*** Opening RECORDS PROVIDED ***

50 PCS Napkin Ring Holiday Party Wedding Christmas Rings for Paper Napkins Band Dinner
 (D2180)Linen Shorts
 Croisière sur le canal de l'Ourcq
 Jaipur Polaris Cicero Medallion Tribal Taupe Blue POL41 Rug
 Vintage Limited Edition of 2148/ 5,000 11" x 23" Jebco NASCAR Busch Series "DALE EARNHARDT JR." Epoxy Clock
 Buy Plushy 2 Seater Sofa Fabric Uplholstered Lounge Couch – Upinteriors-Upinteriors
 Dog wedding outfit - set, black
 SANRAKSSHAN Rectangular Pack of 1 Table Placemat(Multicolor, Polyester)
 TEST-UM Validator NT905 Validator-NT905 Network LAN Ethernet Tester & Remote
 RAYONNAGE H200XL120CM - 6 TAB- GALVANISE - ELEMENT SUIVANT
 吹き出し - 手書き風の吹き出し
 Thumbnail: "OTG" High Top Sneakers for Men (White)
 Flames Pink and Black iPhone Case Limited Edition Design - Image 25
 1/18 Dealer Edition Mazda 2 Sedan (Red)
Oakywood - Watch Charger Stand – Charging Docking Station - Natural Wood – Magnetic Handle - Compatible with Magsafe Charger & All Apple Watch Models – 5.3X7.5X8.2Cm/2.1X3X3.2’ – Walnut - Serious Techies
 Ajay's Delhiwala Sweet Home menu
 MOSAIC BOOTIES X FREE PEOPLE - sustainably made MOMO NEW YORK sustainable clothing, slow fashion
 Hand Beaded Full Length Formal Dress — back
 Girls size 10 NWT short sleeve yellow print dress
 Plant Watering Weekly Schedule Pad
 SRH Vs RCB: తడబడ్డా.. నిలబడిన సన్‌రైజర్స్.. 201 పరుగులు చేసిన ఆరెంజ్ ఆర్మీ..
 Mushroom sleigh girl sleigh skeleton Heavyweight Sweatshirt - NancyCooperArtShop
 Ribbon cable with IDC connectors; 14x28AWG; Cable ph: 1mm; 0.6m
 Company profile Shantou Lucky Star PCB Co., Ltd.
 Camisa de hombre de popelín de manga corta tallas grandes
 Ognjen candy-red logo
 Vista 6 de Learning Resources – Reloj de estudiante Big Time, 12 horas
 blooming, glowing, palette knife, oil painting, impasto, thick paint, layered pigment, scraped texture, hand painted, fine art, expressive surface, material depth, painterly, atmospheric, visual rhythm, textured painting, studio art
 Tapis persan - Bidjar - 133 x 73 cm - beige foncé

*** Closing RECORDS PROVIDED ***

Look at the records above. Copy every line where the string "with" occurs.

SOLUTION FOR THIS PROBLEM -
Oakywood - Watch Charger Stand – Charging Docking Station - Natural Wood – Magnetic Handle - Compatible with Magsafe Charger & All Apple Watch Models – 5.3X7.5X8.2Cm/2.1X3X3.2’ – Walnut - Serious Techies
 Ribbon cable with IDC connectors; 14x28AWG; Cable ph: 1mm; 0.6m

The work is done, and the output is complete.